On 25 October 2023, Dr Jin (Julie) Zeng, Associate Professor of Politics and International Relations at Florida International University (FIU), spoke at a webinar titled “Threatening National Security or Bridging the Digital Divide? A Case Study of Huawei’s Expansion in Brazil.” The webinar was jointly organised by RSIS and the Green School, FIU.

Dr Zeng’s research centres on how Latin American countries have resisted US pressure to remove Huawei from their telecommunications networks. Her presentation focused on Brazil, where she sought to explain why former President Jair Bolsonaro, an avowed populist and anti-China leader, allowed Huawei into Brazil’s 5G auctions.

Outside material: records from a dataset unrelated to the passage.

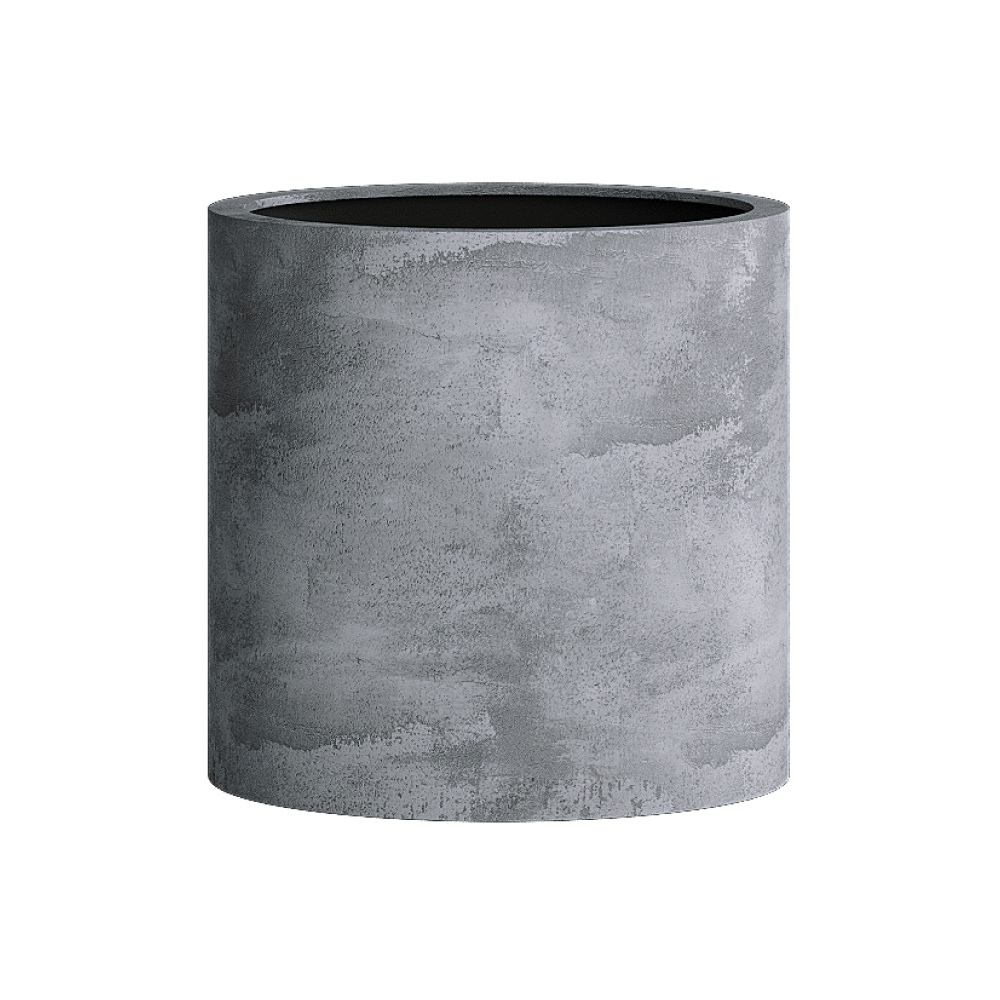 Кашпо CONCRETIKA CYLINDER CONCRETE GREY LIGHT D40H40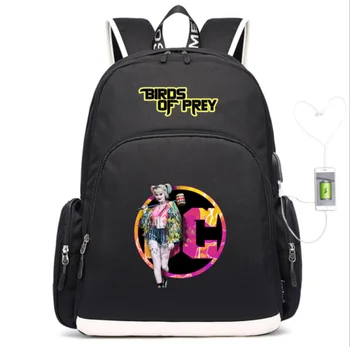Harley Quinn Birds of prey Backpack teenagers Schoolbag USB Charging Travel Bag laptop rucksacks
Harley Quinn Birds of prey Backpack teenagers Schoolbag USB Charging Travel Bag laptop rucksacks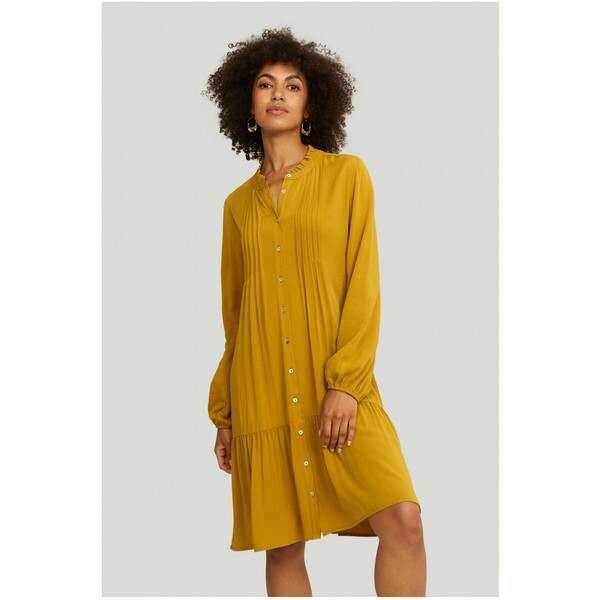 Greenpoint Sukienka z dżerseju mustard G0Y21C02X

Dr Zeng focused her argument on three issues: the lack of persuasive causal narratives to justify banning Huawei; the high costs of banning Huawei; and the impact of contingencies such as China’s vaccine diplomacy. First, Bolsonaro’s weak authority and the lack of evidence about Huawei’s wrongdoings led to a failure to securitise the issue and convince policymakers to act. Second, not only was the cost of replacing existing Huawei equipment and using other 5G vendors extremely high, but there were fears of retaliation from China, Brazil’s biggest trading partner. Third, China’s vaccine diplomacy during the COVID-19 pandemic ostensibly catalysed a policy change, with the Brazilian government allowing Huawei in 5G auctions in January 2021, days after Beijing agreed to export vaccine components to the country.

Dr Zeng said her research highlights the importance of causal narratives in international cooperation, and that trade dependence on a potential sanctions target is only one of the costs that third-party states consider when pressed to cooperate. She noted that third-party states can exercise agency in their response to bigger powers, with Brazil constructing two 5G networks (including a government network without Huawei equipment) to satisfy Washington. Huawei also laid the groundwork for sanctions-busting behaviour by investing heavily in the Brazilian economy and hiring former President Michel Temer as an advisor for added influence.